10 Years on Palmer Luckey Still Isn’t Finished With VR

If there’s one person to thank for the current virtual reality (VR) industry it’s Oculus founder Palmer Luckey – not Meta CEO Mark Zuckerberg. Last week Luckey marked what would have been Oculus’ 10th anniversary with the first in a series of new blog posts looking at the company’s history, his role, and most surprisingly; teasing mention of new VR tech he’s been keeping under wraps.

An Oculus Rift DK1.

So a quick history lesson if you’re not aware. Luckey founded Oculus in 2012 at the age of 19, turning a niche hobby into something far bigger. After bringing on board the likes of John Carmack (Doom co-creator) and running a successful Kickstarter, Facebook stepped in and bought the startup for $2 billion USD in 2015. However, it wasn’t plain sailing thanks to a number of issues including a Zenimax lawsuit and Luckey’s own actions on Reddit. This led to him leaving the company in 2017, just shy of the five-year mark.

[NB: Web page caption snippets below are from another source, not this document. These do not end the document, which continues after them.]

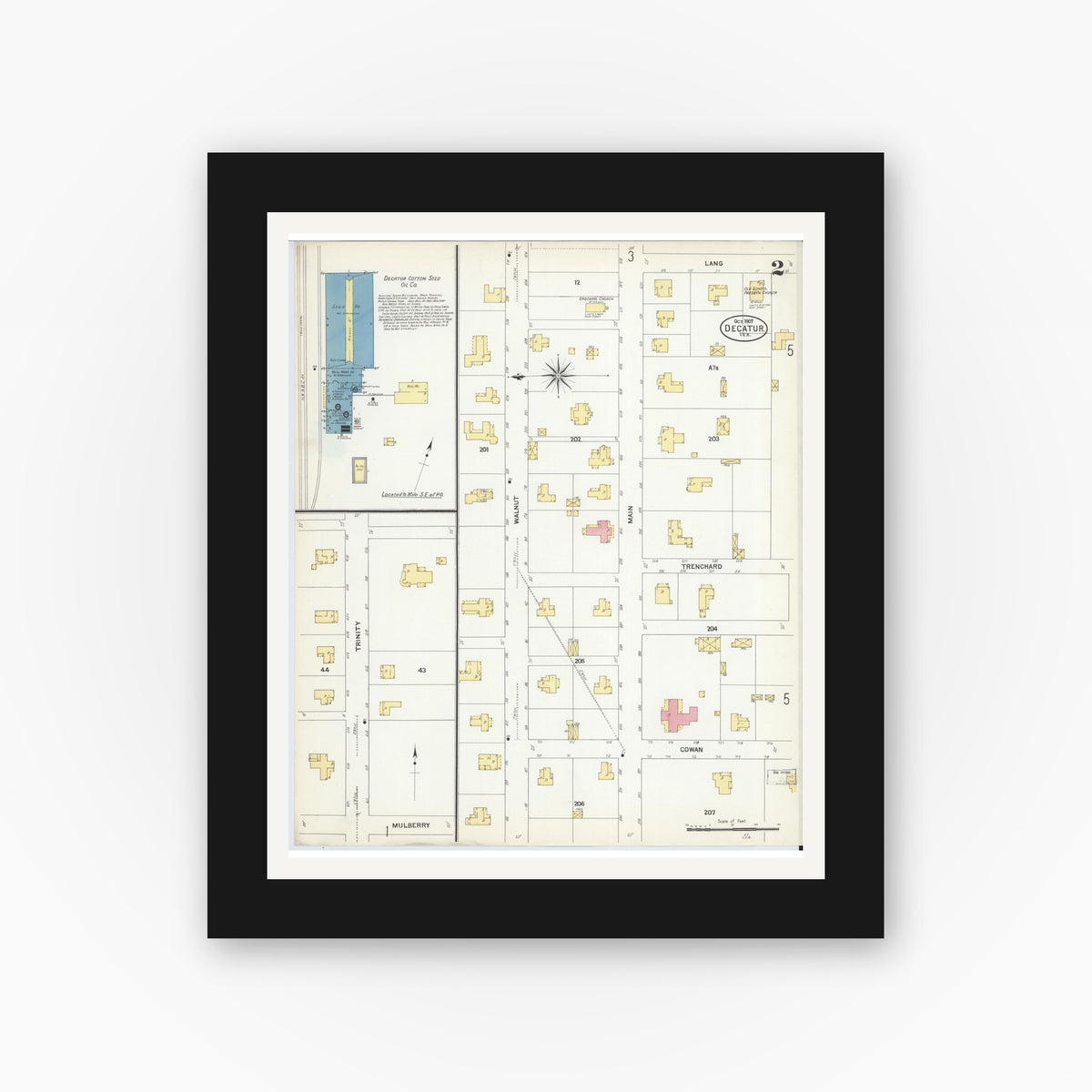 Old map wall art mockup — black gallery frame with white mat — Sanborn Fire Insurance Map from Decatur, Wise County, Texas (1907), Sheet #0002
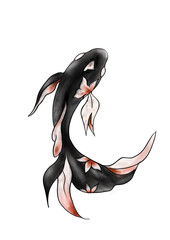 Black fish in Chinese style painted with watercolor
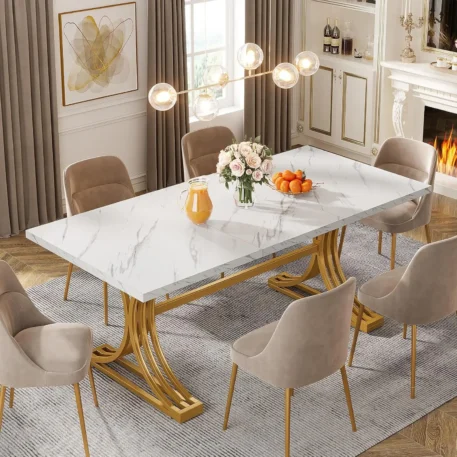 Faux Marble 63-Inch Rectangular Dining Table For 4 To 6 People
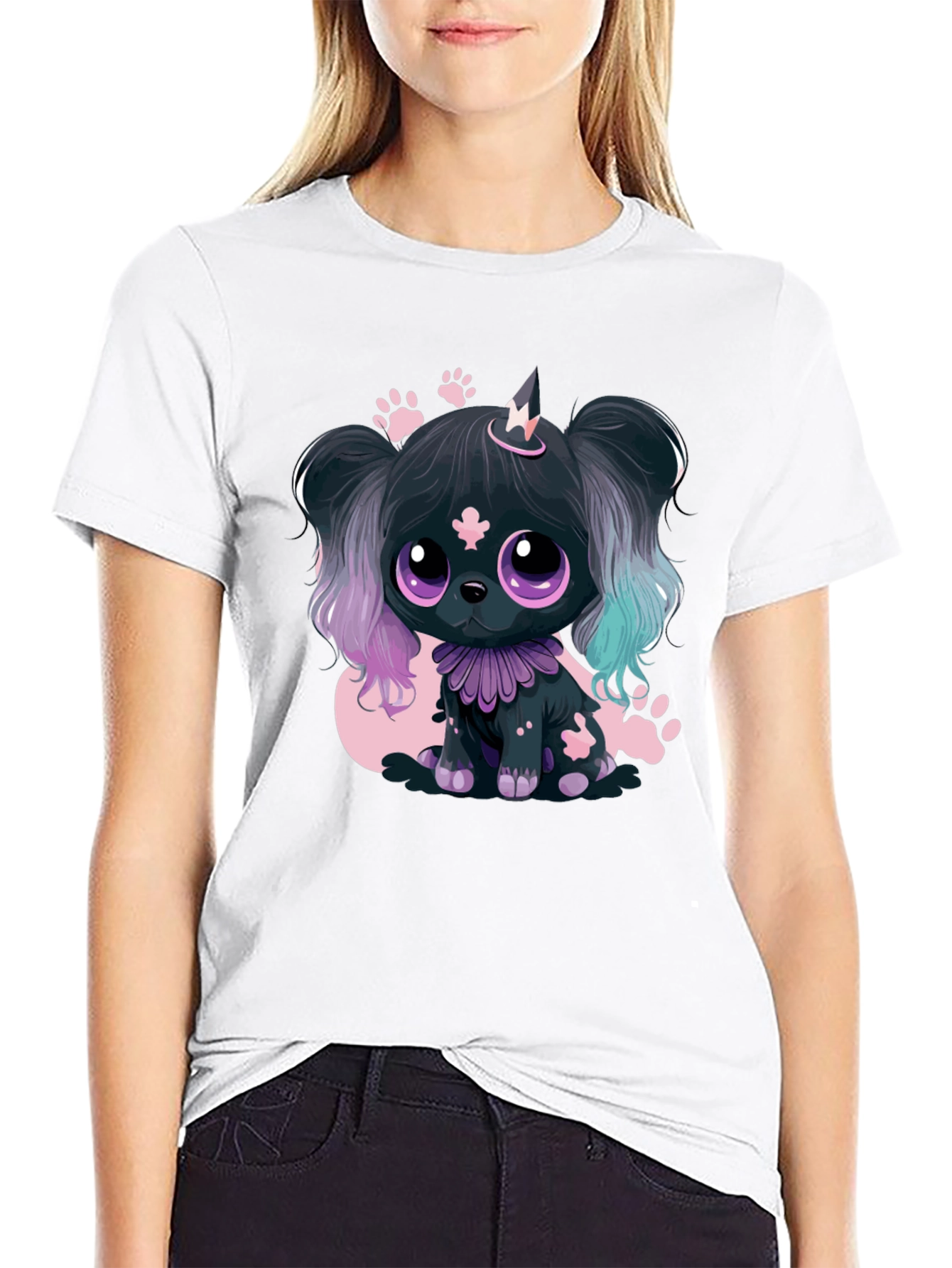Kawaii Puppy Graphic Tee - Black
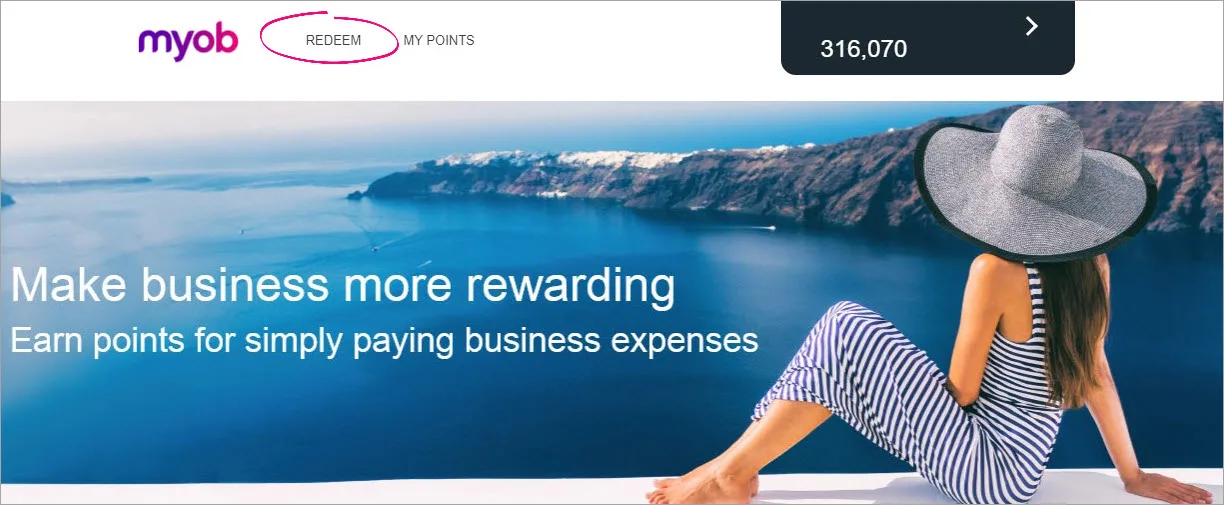 Image of MYOB Rewards home page with redeem highlighted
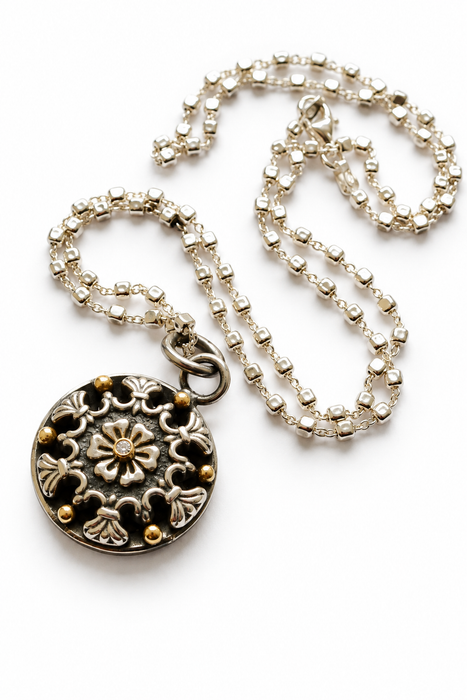 Old Soul — Antique Button Medallion with Diamond & 18k Gold
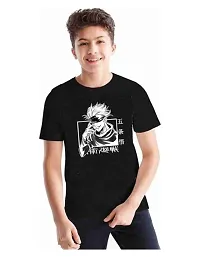 Sagar Creations Half Sleeve | Round Neck | Printed T Shirt | Casual | Regular Wear T Shirt for Boys Black T Shirt, 14 Years-15 Years (Black)-D16-thumb1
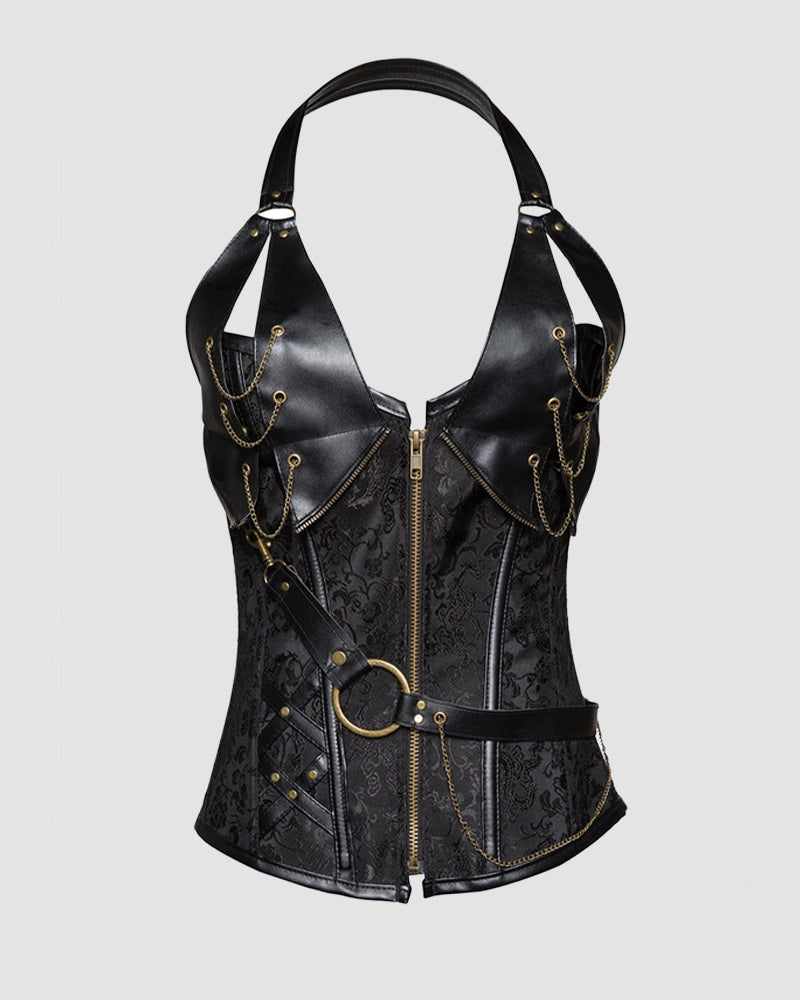Lace-up 4 Steel Bone Leather Corset Black Avidlove-Bustiers - Tophatter Daily Deals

Five years on from that event and now CEO of military drone manufacturer Anduril, it seems the VR evangelist isn’t done with the technology. “This year is also the right time to finally unveil some VR technologies I haven’t been able to talk about for a variety of reasons,” said Luckey on his blog.

What these could be are anyone’s guess at the moment, Luckey plans on releasing further details during the course of the coming year. As he’s not “been able to talk” about whatever these technologies are suggests he’s been under NDA for a while, could they be due to military contracts or could they be more mainstream focused?

Palmer Luckey Time Cover
Image credit: Time.

Expect to hear a few Oculus home truths and some angry venting from Luckey, hopefully providing a few juicy morsels regarding Oculus’ inner workings. “I have quite a bit to share, especially regarding portions of Oculus history that have been subject to extensive revisionism in public accounts.”

In 2022 the Oculus brand is slowly sunsetting as Meta’s rebranding continues down its metaverse path. Oculus Quest 2 is now Meta Quest 2, with packaging and online branding all now brandishing the new logo. The name hasn’t disappeared completely though, Oculus.com still exists, and App Lab is still referred to as Oculus App Lab.

This year is also set to welcome new headsets like Meta’s Project Cambria, reportedly packed full of sensors for more immersive interactions. As and when Palmer Luckey divulges these VR technologies, gmw3 will let you know.